■ **The data**
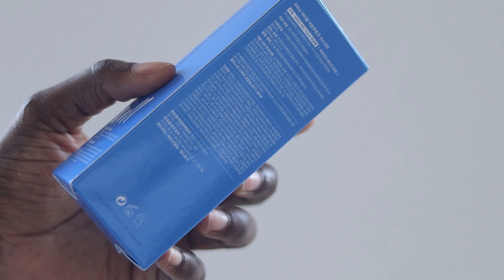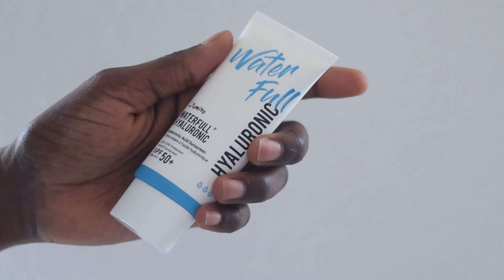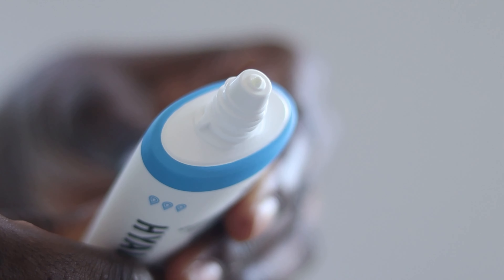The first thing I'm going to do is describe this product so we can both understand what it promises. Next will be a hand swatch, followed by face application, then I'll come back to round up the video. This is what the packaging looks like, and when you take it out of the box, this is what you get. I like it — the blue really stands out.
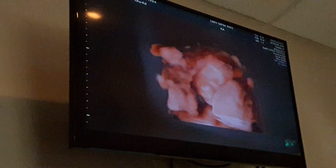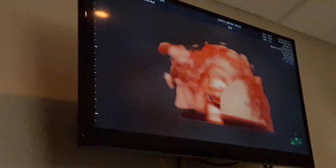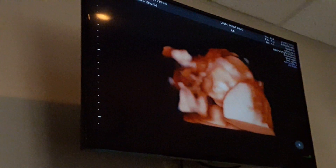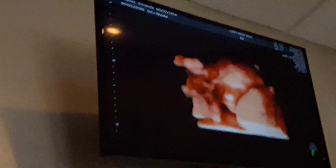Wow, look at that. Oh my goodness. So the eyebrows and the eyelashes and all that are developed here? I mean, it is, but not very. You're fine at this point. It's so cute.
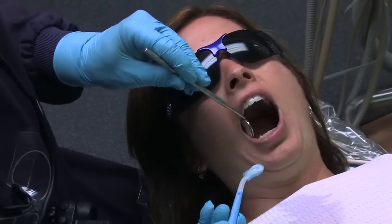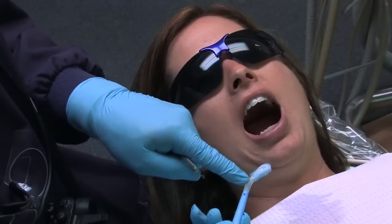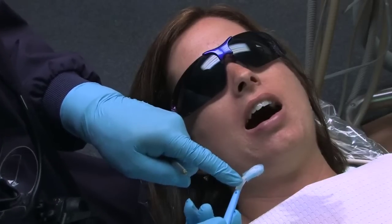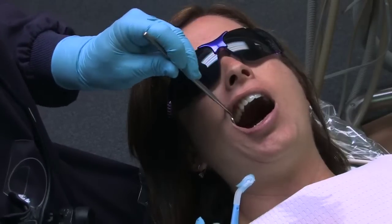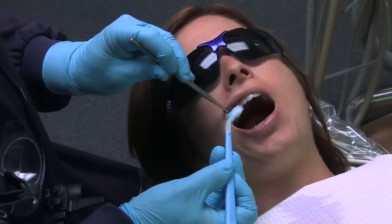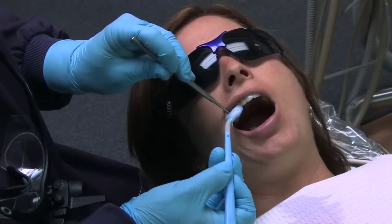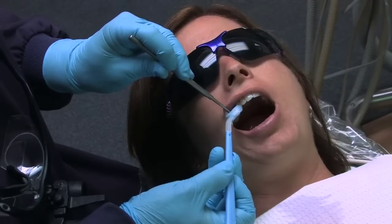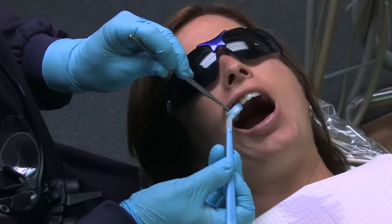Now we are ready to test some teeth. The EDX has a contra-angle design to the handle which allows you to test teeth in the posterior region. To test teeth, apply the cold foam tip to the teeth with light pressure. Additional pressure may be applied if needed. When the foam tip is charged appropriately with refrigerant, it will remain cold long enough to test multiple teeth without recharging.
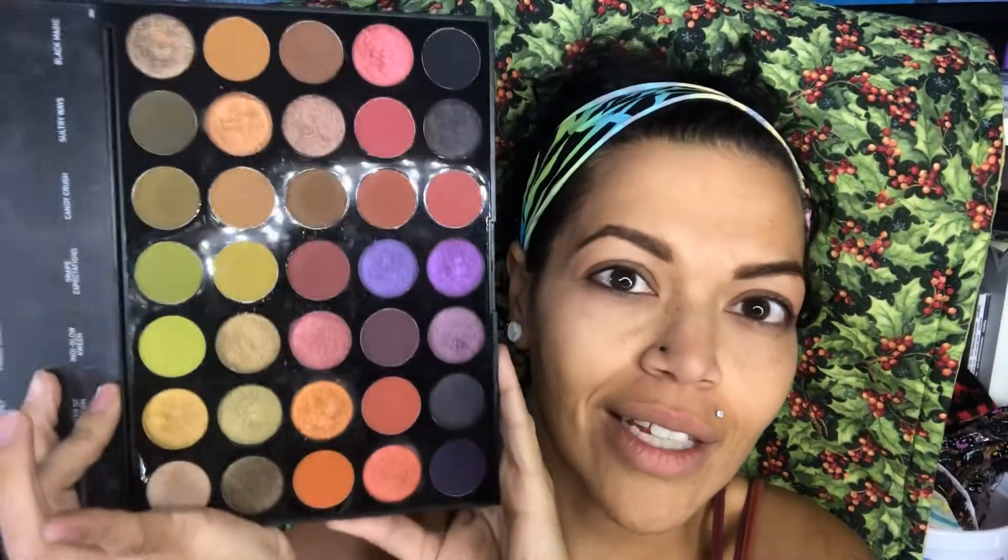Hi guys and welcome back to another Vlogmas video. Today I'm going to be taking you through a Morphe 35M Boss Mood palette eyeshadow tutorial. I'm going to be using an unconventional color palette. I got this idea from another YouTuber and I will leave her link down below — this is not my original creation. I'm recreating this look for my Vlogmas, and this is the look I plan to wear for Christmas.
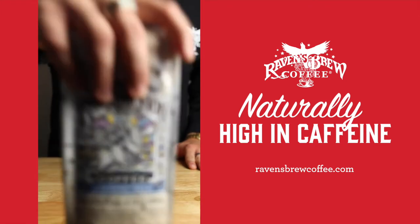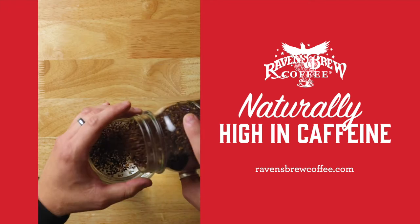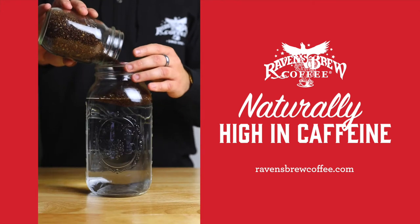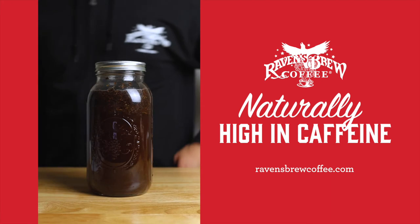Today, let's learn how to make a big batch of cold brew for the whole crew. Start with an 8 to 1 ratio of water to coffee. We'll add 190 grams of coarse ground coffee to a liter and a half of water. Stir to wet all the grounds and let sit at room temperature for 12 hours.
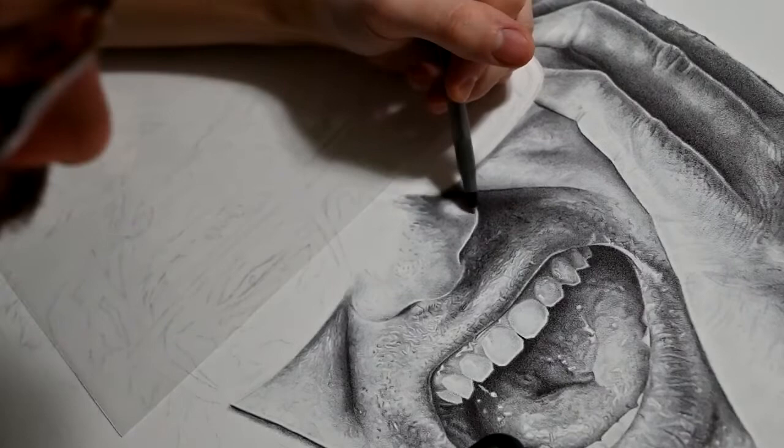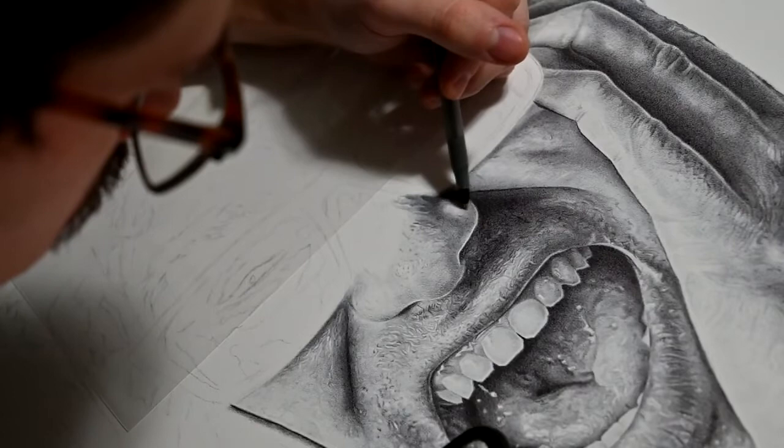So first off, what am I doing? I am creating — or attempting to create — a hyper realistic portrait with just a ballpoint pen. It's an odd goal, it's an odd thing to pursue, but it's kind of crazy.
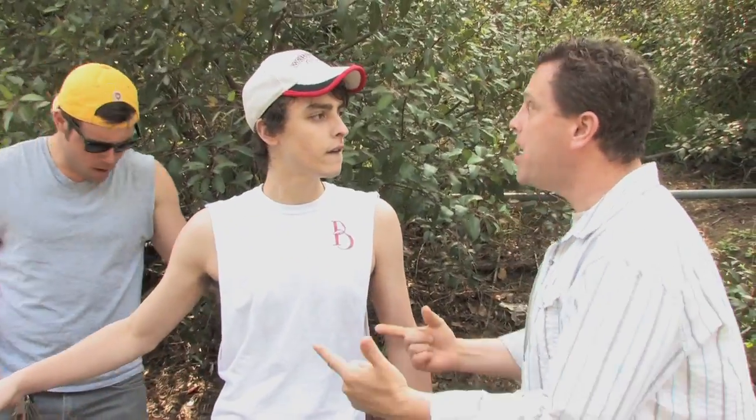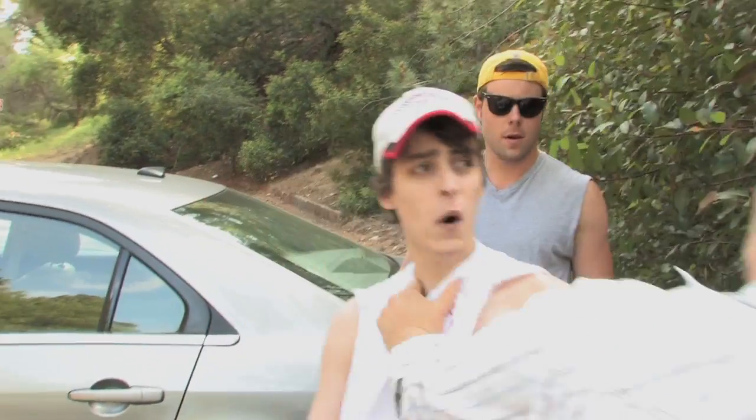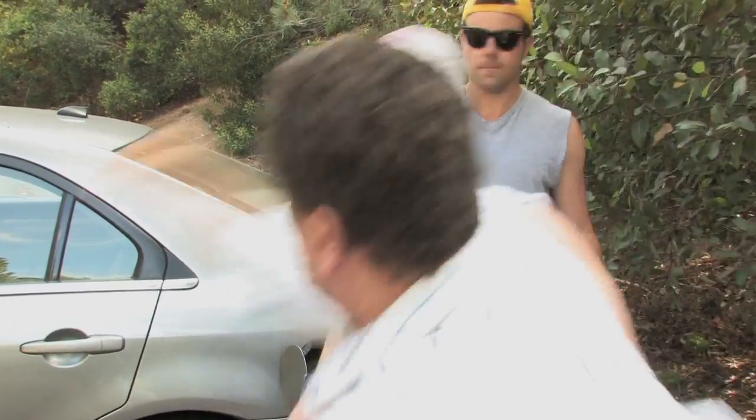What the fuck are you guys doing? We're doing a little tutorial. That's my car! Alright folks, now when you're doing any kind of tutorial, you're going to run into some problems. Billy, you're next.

■ **The task**
Your answer must be the exact lines from the records above, from the one containing "Today, let's learn" through the one containing "So first off, what", both included, with every picture left out.

■ **Answer box**
Today, let's learn how to make a big batch of cold brew for the whole crew. Start with an 8 to 1 ratio of water to coffee. We'll add 190 grams of coarse ground coffee to a liter and a half of water. Stir to wet all the grounds and let sit at room temperature for 12 hours.
So first off, what am I doing? I am creating — or attempting to create — a hyper realistic portrait with just a ballpoint pen. It's an odd goal, it's an odd thing to pursue, but it's kind of crazy.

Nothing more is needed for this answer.